Studio album by the Rolling Stones
- Released: November 1965
- Recorded: 8 August 1963 – 26 October 1965
- Studios: RCA, Hollywood; Decca, London; Chess, Chicago; IBC, London;
- Genre: Rock
- Length: 29:04
- Label: London
- Producer: Andrew Loog Oldham

The Rolling Stones US album chronology
| Out of Our Heads (1965) | December's Children (And Everybody's) (1965) | Big Hits (High Tide and Green Grass) (1966) |

Singles from December's Children (And Everybody's)
- "Get Off of My Cloud" Released: 24 September 1965; "As Tears Go By" Released: 18 December 1965;

= December's Children (And Everybody's) =

December's Children (And Everybody's) is the fifth American studio album by the English rock band the Rolling Stones, released in November 1965. It is primarily compiled from different released tracks from across the band's recording career up to that point, including the UK version of Out of Our Heads. Bassist Bill Wyman quotes Jagger in 1968 calling the record "[not] an album, it's just a collection of songs". Accordingly, it is only briefly detailed in Wyman's otherwise exhaustive book Rolling with the Stones. It features their then-recent transatlantic hit single "Get Off of My Cloud", as well as their own remake of Marianne Faithfull's Jagger/Richards-penned hit "As Tears Go By", which was released as the album's second single in the US.

==Recording and music==
It is the last of the group's early releases to feature numerous cover songs; writers Mick Jagger and Keith Richards wrote only half of the songs themselves. There had been no sessions to record the LP; many of the songs were from the UK edition of Out of Our Heads recorded in September 1965 in Los Angeles. Many of the tracks had appeared earlier in the UK versions of Rolling Stones albums or had been released on singles or EPs, but had not been heard in the American market; other tracks were unreleased tracks that had been recorded during other recording sessions.

==Title and packaging==
The title of the album came from the band's manager, Andrew Loog Oldham (who facetiously credits it to "Lou Folk-Rock Adler" in his liner notes on the back cover). According to Jagger, it was Oldham's idea of hip, Beat poetry. The front cover photo of the band, by Gered Mankowitz, had previously been used for the UK edition of Out of Our Heads.

==Release and reception==

December's Children (And Everybody's) reached No.4 in the US, where it was certified gold.

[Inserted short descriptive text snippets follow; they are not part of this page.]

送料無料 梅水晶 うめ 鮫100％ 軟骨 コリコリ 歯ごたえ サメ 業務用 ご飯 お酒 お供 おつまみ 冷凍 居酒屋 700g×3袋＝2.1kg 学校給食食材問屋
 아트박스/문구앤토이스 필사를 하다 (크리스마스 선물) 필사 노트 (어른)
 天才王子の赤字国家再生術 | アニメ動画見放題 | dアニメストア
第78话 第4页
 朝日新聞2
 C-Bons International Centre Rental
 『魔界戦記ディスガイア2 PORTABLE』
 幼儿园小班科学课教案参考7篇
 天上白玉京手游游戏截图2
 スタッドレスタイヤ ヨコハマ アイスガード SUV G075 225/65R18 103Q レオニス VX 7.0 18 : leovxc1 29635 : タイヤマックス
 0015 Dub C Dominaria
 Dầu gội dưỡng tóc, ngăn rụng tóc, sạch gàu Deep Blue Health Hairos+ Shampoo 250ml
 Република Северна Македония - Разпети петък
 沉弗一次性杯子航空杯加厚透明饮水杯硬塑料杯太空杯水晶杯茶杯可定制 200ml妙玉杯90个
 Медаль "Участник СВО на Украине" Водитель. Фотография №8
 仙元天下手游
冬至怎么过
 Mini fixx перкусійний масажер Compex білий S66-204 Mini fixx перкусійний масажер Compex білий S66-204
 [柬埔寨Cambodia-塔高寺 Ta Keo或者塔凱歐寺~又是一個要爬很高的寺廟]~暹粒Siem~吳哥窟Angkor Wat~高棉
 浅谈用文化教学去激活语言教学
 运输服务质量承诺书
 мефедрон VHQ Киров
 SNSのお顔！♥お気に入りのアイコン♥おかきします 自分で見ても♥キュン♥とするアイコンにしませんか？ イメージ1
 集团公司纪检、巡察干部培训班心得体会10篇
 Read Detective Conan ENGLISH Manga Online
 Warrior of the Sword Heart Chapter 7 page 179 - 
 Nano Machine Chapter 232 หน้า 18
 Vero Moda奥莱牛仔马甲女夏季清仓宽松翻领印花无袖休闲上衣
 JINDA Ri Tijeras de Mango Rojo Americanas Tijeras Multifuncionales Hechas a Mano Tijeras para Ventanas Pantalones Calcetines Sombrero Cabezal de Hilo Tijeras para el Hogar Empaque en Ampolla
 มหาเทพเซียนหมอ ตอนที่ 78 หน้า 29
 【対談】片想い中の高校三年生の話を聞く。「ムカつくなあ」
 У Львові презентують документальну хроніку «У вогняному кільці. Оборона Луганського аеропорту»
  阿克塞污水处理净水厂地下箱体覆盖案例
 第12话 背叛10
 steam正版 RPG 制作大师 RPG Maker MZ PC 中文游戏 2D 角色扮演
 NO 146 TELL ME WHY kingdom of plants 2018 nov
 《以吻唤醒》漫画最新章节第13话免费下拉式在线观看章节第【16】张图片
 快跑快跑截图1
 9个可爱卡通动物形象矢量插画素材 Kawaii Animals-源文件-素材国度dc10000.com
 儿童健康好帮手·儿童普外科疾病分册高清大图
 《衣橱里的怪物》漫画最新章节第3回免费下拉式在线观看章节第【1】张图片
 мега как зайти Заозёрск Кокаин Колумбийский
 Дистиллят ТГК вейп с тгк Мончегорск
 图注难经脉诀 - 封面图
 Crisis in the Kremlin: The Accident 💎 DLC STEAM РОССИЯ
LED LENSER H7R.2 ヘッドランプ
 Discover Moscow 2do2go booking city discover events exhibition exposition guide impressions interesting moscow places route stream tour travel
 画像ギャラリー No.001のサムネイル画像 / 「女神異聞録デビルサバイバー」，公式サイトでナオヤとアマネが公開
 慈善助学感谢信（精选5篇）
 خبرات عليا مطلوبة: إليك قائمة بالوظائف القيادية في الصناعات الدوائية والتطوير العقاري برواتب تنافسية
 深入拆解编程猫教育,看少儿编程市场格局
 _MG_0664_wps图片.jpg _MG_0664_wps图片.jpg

The group's second US No.1, Get Off of My Cloud, was the highest-charting single on the album, also a major chart topper in the band's native UK and several other markets.

In August 2002, the album was reissued in a new remastered CD and SACD digipak by ABKCO Records. "Look What You've Done" remains the album's only cut issued in true stereo.

Professional ratings
Review scores
| Source | Rating |
| AllMusic | Star Half star |
| The Rolling Stone Album Guide | Star Half star |
| MusicHound Rock | Star |
| The Encyclopedia of Popular Music | Star |
| Tom Hull | A− |

==Track listing==

Side one
| No. | Title | Writer(s) | Original release | Length |
|---|---|---|---|---|
| 1. | "She Said Yeah" | Sonny Bono; Roddy Jackson; | Out of Our Heads (UK) | 1:30 |
| 2. | "Talkin' About You" | Chuck Berry | Out of Our Heads (UK) | 2:30 |
| 3. | "You Better Move On" | Arthur Alexander | The Rolling Stones EP (UK) | 2:37 |
| 4. | "Look What You've Done" | Muddy Waters | December's Children | 2:33 |
| 5. | "The Singer Not the Song" |  | B-side of "Get Off of My Cloud" (UK) | 2:22 |
| 6. | "Route 66" | Bobby Troup | Got Live If You Want It! (UK live EP) | 2:29 |
| Total length: |  |  |  | 14:01 |

Side two
| No. | Title | Writer(s) | Original release | Length |
|---|---|---|---|---|
| 7. | "Get Off of My Cloud" |  | single (US) | 2:52 |
| 8. | "I'm Free" |  | Out of Our Heads (UK) | 2:17 |
| 9. | "As Tears Go By" | Jagger; Richards; Andrew Loog Oldham; | December's Children | 2:45 |
| 10. | "Gotta Get Away" |  | Out of Our Heads (UK) | 2:03 |
| 11. | "Blue Turns to Grey" |  | December's Children | 2:27 |
| 12. | "I'm Moving On" | Hank Snow | Got Live If You Want It! (UK live EP) | 2:12 |
| Total length: |  |  |  | 14:36 |

==Recording sessions==
Most of the songs were recorded 5–6 September 1965 at the RCA Records studio in Hollywood, California, except:
- "You Better Move On" – 8 August 1963, Decca Studios, London
- "Look What You've Done" – 11 June 1964, Chess Records studio, Chicago
- "Route 66" and "I'm Moving On" – 5–7 March 1965, live performances, England
- "As Tears Go By" – 26 October 1965, IBC Studios, London

==Personnel==
The Rolling Stones
- Mick Jagger – lead vocals (all tracks), backing vocals (1–2, 7–8, 10–11), tambourine (10)
- Keith Richards – electric guitar (all but 9), acoustic guitar (5, 9), backing vocals (1–2, 5–8, 10–12), co-lead vocals (5)
- Brian Jones – electric guitar (1–2, 5–8, 11), acoustic guitar (3, 10), slide guitar (12), harmonica (4, 12), organ (8), backing vocals (3)
- Bill Wyman – bass guitar (all but 9), backing vocals (3)
- Charlie Watts – drums (all but 9)

Additional personnel
- Ian Stewart – piano (2–4, 7)
- Mike Leander – string arrangement (9)

==Charts==

Chart performance for December's Children (And Everybody's)
| Chart (1966) | Peak position |
|---|---|
| US Billboard 200 | 4 |

==Certifications==

Certifications for December's Children (And Everybody's)
| Region | Certification | Certified units/sales |
| United States (RIAA) | Gold | 500,000^{^} |
^{^} Shipments figures based on certification alone.